Elsa Morante and Alberto Moravia
Anna Folli, who wrote a biography of them a few years ago, calls them “MoranteMoravia”, almost as if to underline their inseparable bond. They were two writers, first of all: she sought in literature the enchantment that had not been granted to her during her childhood; he investigated with precision and rationality the contradictions of the bourgeois world to which she belonged. They had had different youths and different educations, but when they met in 1936, in a beer hall, any differences seemed to disappear.

They lived an intense and unconventional love: at their wedding there were no rings, but a bouquet of lilies of the valley. They went through war and historical tragedies with strength and courage, running from Naples to Rome and continuing to write - always, because this was what came most spontaneously to them. But their relationship at a certain point cracked, becoming rough and cutting: it is not surprising, in this regard, that Morante has always interpreted impossible loves in her novels, nor that Moravia went so far as to write about the failure of a marriage (in Conjugal love). Yet, despite the misunderstandings, despite the breakup - which, invariably, came - MoranteMoravia still continue to be one of the most fascinating couples that our Italian twentieth century has ever known. Perhaps because - in all honesty - it is a bit of a dream for all of us to live a love made of words and literature.

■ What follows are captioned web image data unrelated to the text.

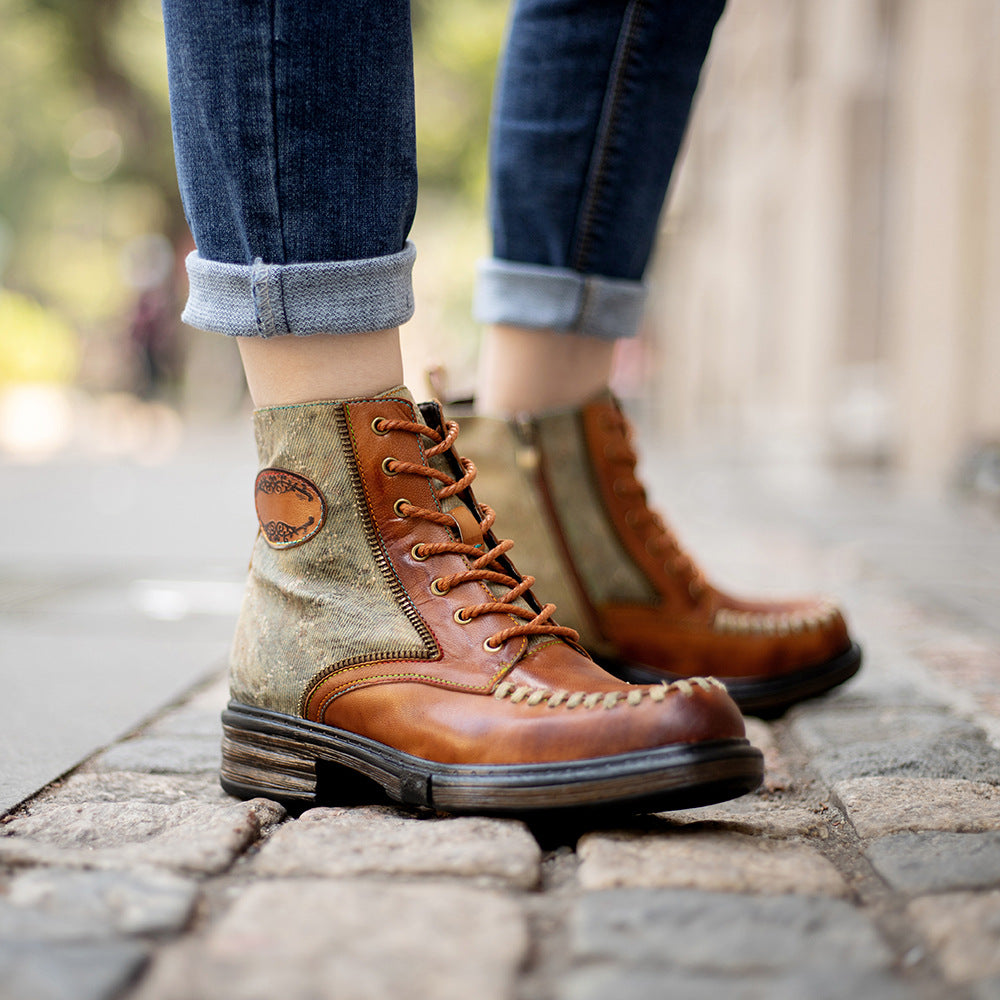 Women's Vintage Distressed Denim Sheepskin Ankle Boots Side Zipper Lace Up Combat Booties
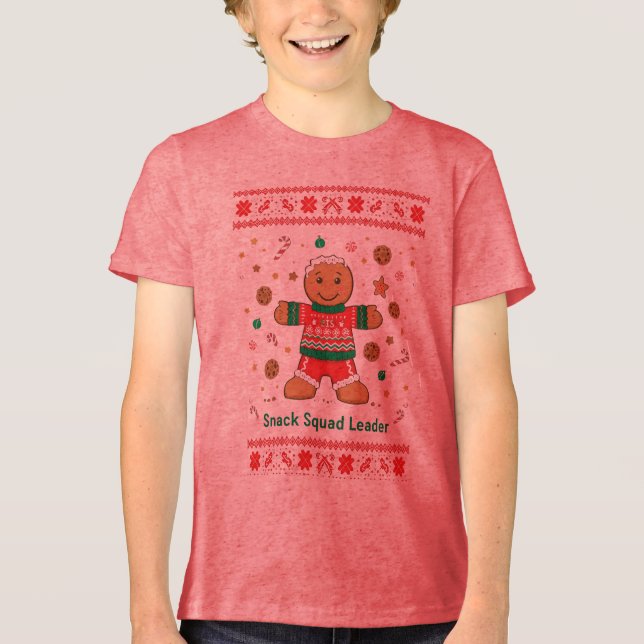 Snack Squad Leader Powered by Treats Ugly Sweater Tri-Blend Shirt (Vorderseite)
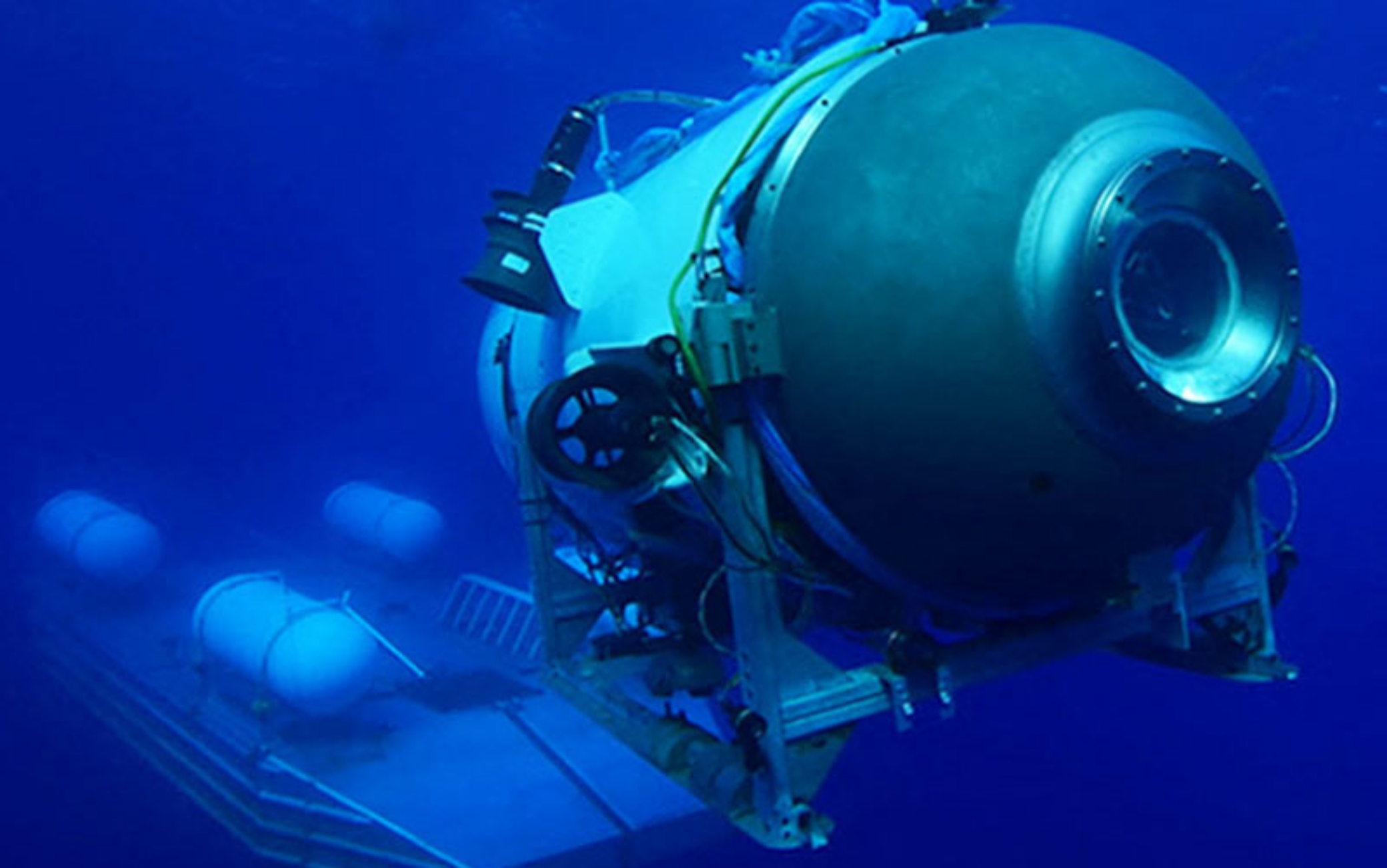 Undated handout photo shows Titan, the submersible that vanished on expedition to the Titanic wreckage. A massive search and rescue operation is under way in the mid Atlantic after a tourist submarine went missing during a dive to Titanic's wreck on Sunday. Contact with the small sub was lost about an hour and 45 minutes into its dive, the US Coast Guard said. Tour firm OceanGate said all options were being explored to rescue the five people onboard. Tickets cost $ 250,000 for an eight-day trip including dives to the wreck at a depth of 3,800m (12,500ft). Photo via ABACAPRESS.COM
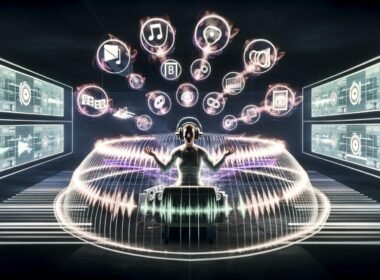 Person sitzt mit hochwertigen Kopfhörern in einem futuristischen Musikstudio, umgeben von dynamischen Soundwellen und schwebenden Audio-Objekten bei 360 Reality Audio.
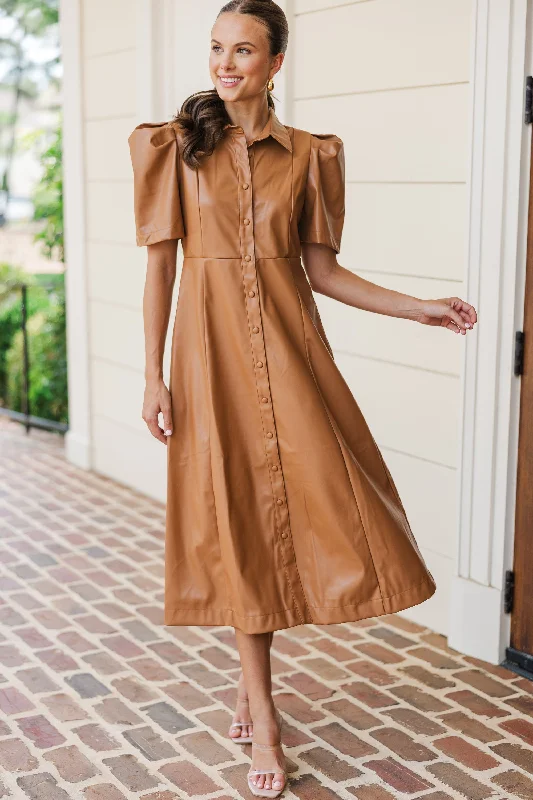 Sheath Women Dress with a Tailored Fit for a Professional LookTake It As It Is Camel Brown Faux Leather Midi Dress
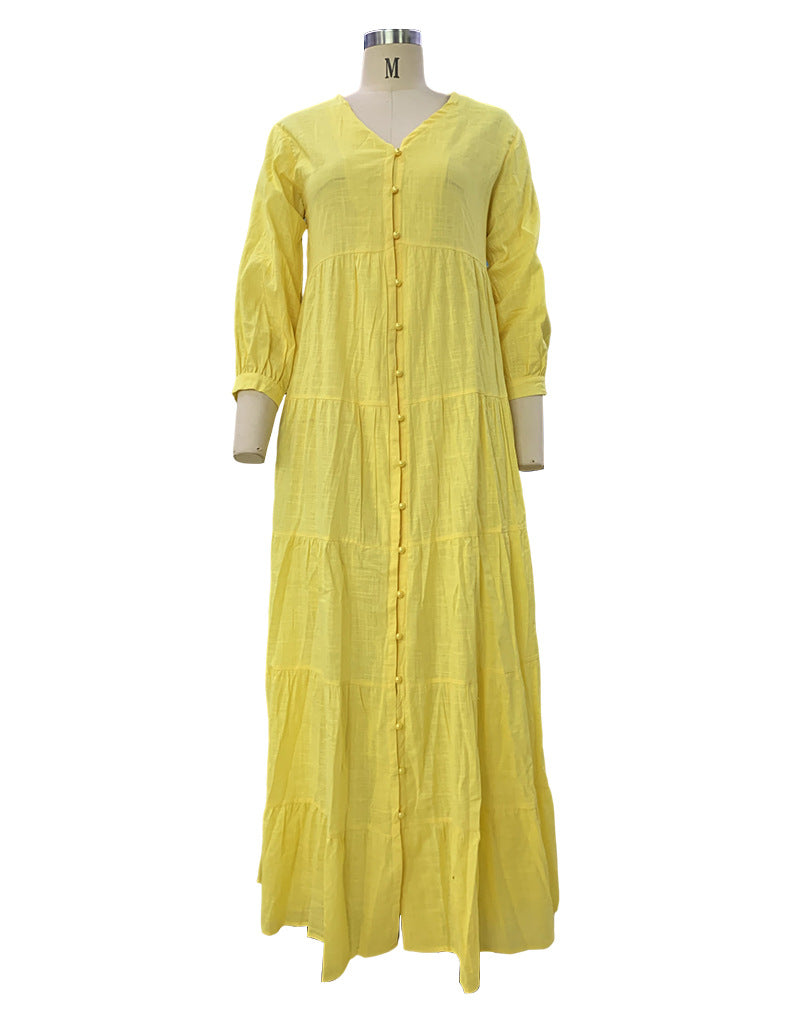 V-Neck Long Sleeve Button Up Tiered Maxi Dress 21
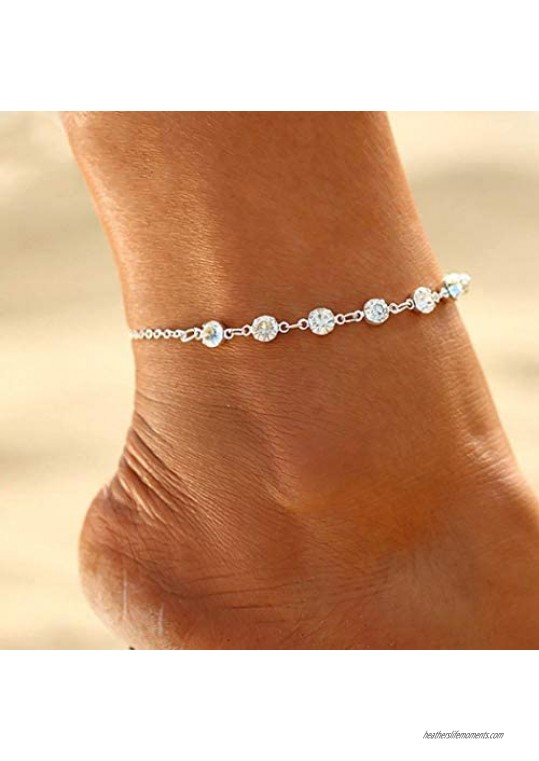 YBSHIN Boho Silver Crystal Anklet Rhinestone Ankle Bracelet Chain Beach Foot Jewelry for Women and Girls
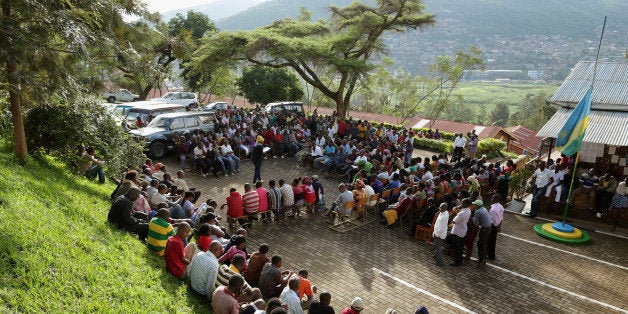 KIGALI, RWANDA - APRIL 08: Byabugogo Cell Assistant Secretary Butera Aicha, 33, leads a Ibiganiro byo Kwibuka, or 'Meeting o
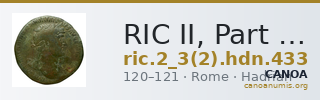 RIC II, Part 3 (second edition) Hadrian 433 — CANOA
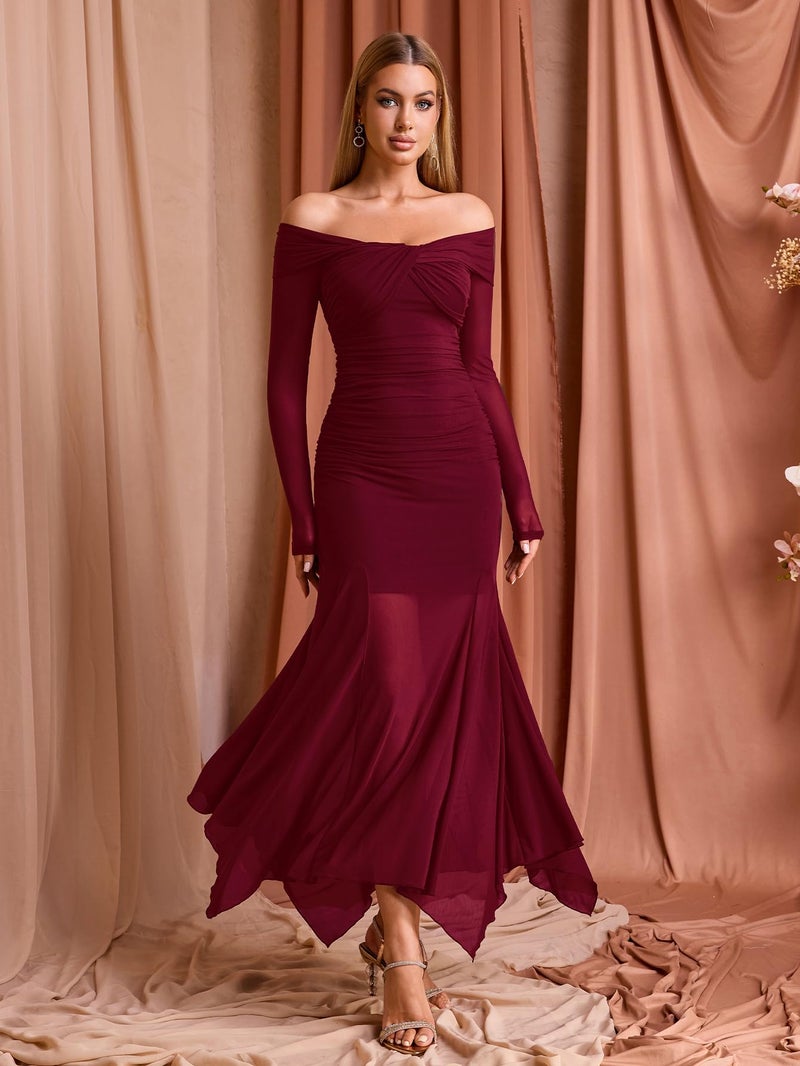 EYNMIN Women's Off The Shoulder Maxi Dress Long Sleeve Ruched Bodycon Asymmetrical Mesh Formal Fall Wedding Guest Dresses Wine - Image 3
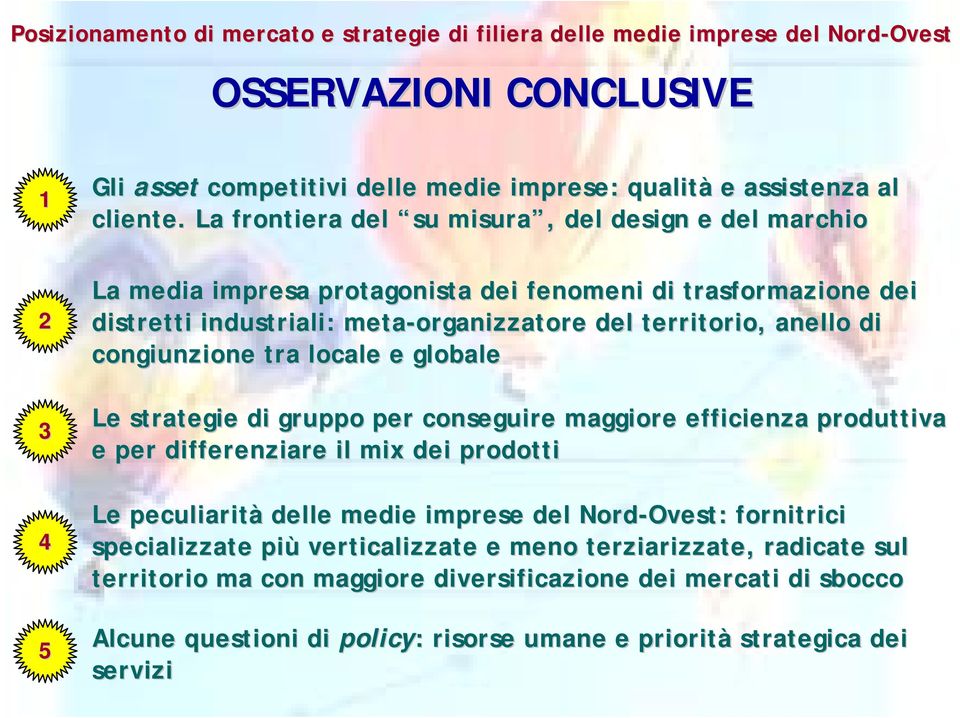 congiunzione tra locale e globale Le strategie di gruppo per conseguire maggiore efficienza produttiva tiva e per differenziare il mix dei prodotti Le peculiarità delle medie imprese del Nord-Ovest:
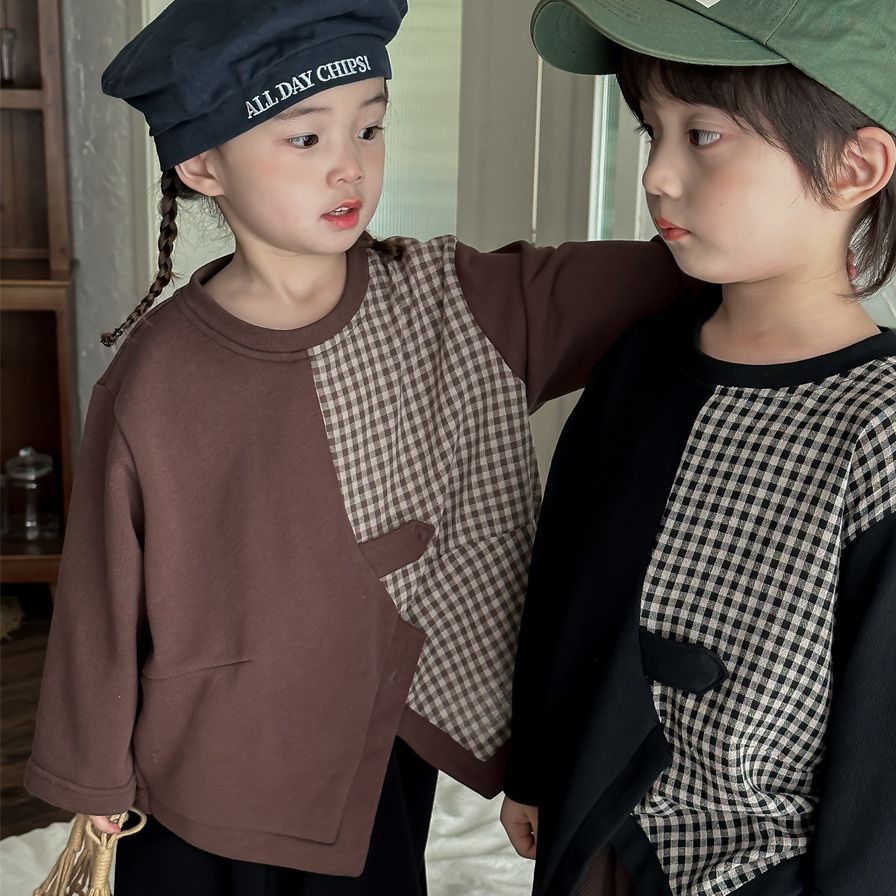 Jiaye Children's Products 2024 Children's Spring Plaid Splicing Sweater Men's and Women's Baby AB Slit Top Round Neck Pullover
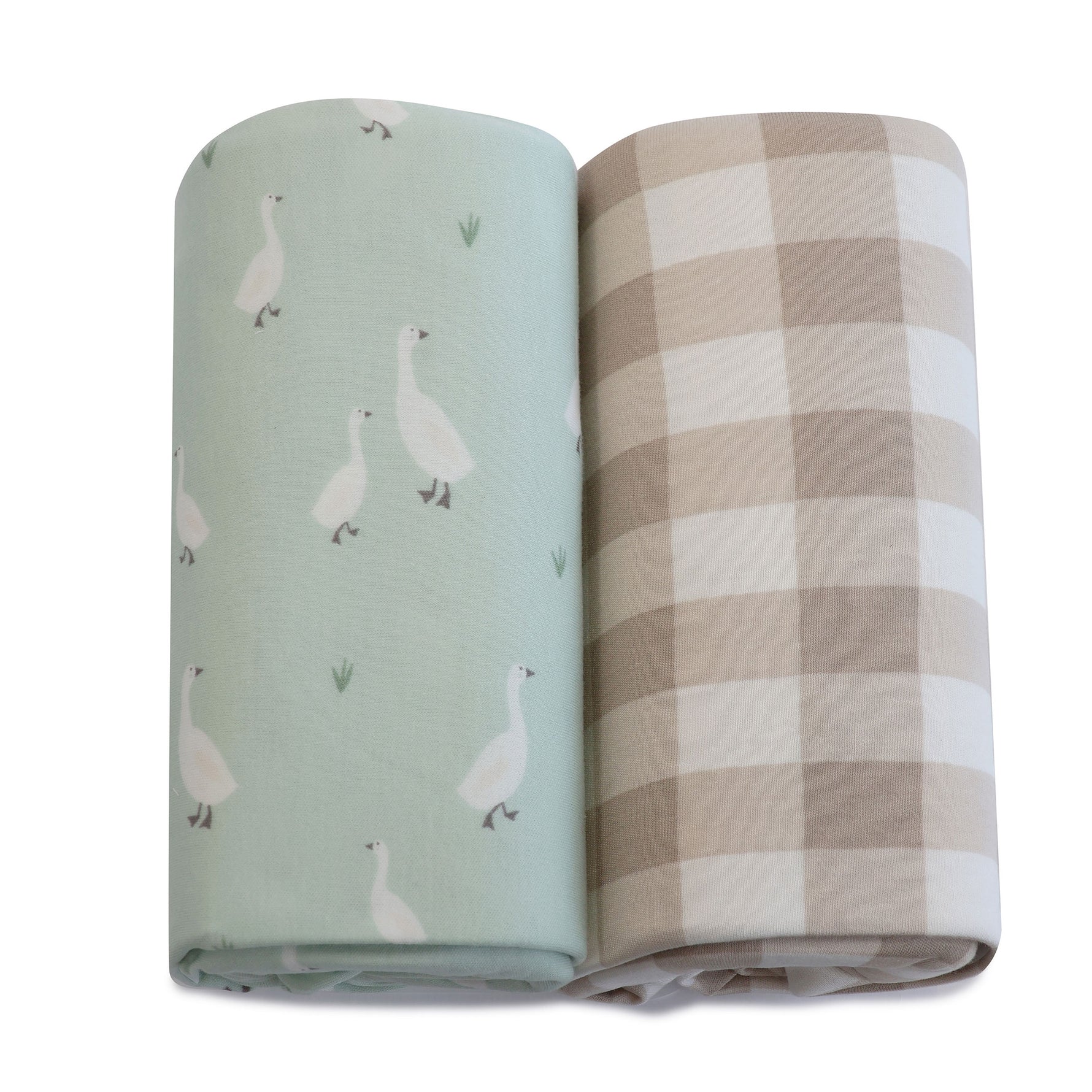 Provincial 2pk Jersey Cot Fitted Sheets - Olive/Taupe - Bubba Blue Australia
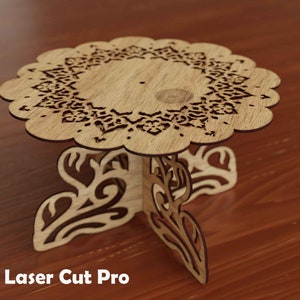 Soporte de pastel de boda y soporte de cupcakes, soporte de pastel de madera para pasteles de 3 archivos de corte láser de tamaño para Glowforge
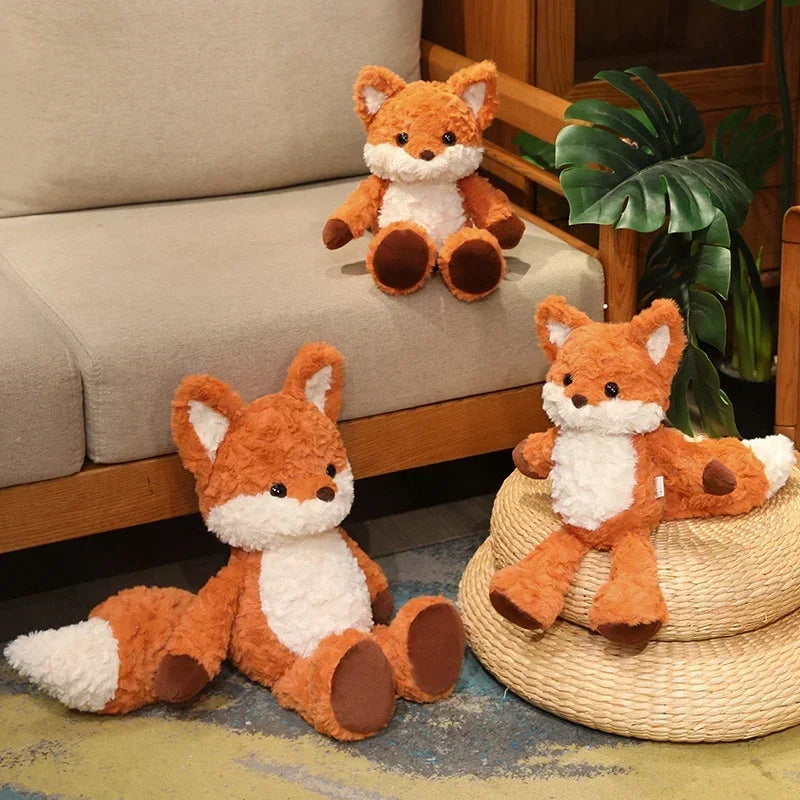 35cm/50cm Cute Fluffy Fox Plush Toy Soft Cartoon Orange Foxes Stuffed Doll Appease Birthday Gift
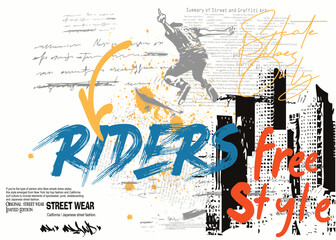 skateboard in minimalistic style with grunge vintage, urban typography street art graffiti slogan, art typography slogan, graphics graffity sports, freestyle skateboard graffiti. T, eps8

Virginia Woolf e Leonard Woolf
We conclude this journey with another couple of writers, no longer Italian but foreign. There are wonderful portraits of the relationship that existed between Leonard and Virginia Woolf in his Diaries (some of these were published by Lindau). In those lines we find the days spent writing, the misunderstandings, but above all the sense of impotence of a love that would like to be salvation but is aware of not succeeding. And, probably, living next to a woman who is overwhelmed by immense pain - loving her, despite this, despite the fact that she can't love herself either - is the most difficult undertaking that a human being can undertake.

In fact, strength of mind, courage, a true bond are necessary. And in the end, when we realize that even this wasn't enough, it's natural to ask ourselves if it wasn't our fault too. This is exactly the feeling with which Leonard writes whenever he remembers his Virginia. Between them there existed, first of all, a relationship of intellectual esteem. But not only that: there was also affection, sharing, literature. None of this was enough to save her from the pain that was gnawing at her, as we said about her before. But it is nevertheless touching to find, in the words that Virginia chose to greet her lifelong companion, that sincere sense of emotion that can only be felt in the memory of a happiness truly experienced:

You have given me the greatest happiness possible. You were in every sense everything a man could be. I know I'm ruining your life. I know that without me you could work and you will, I know it... You see I can't even write these lines worthily... I want to tell you that I owe all the happiness in my life to you. You have been infinitely patient with me. And incredibly good. Everything has abandoned me except the certainty of your goodness. I can't keep ruining your life. I don't think two people could have been happier than we were.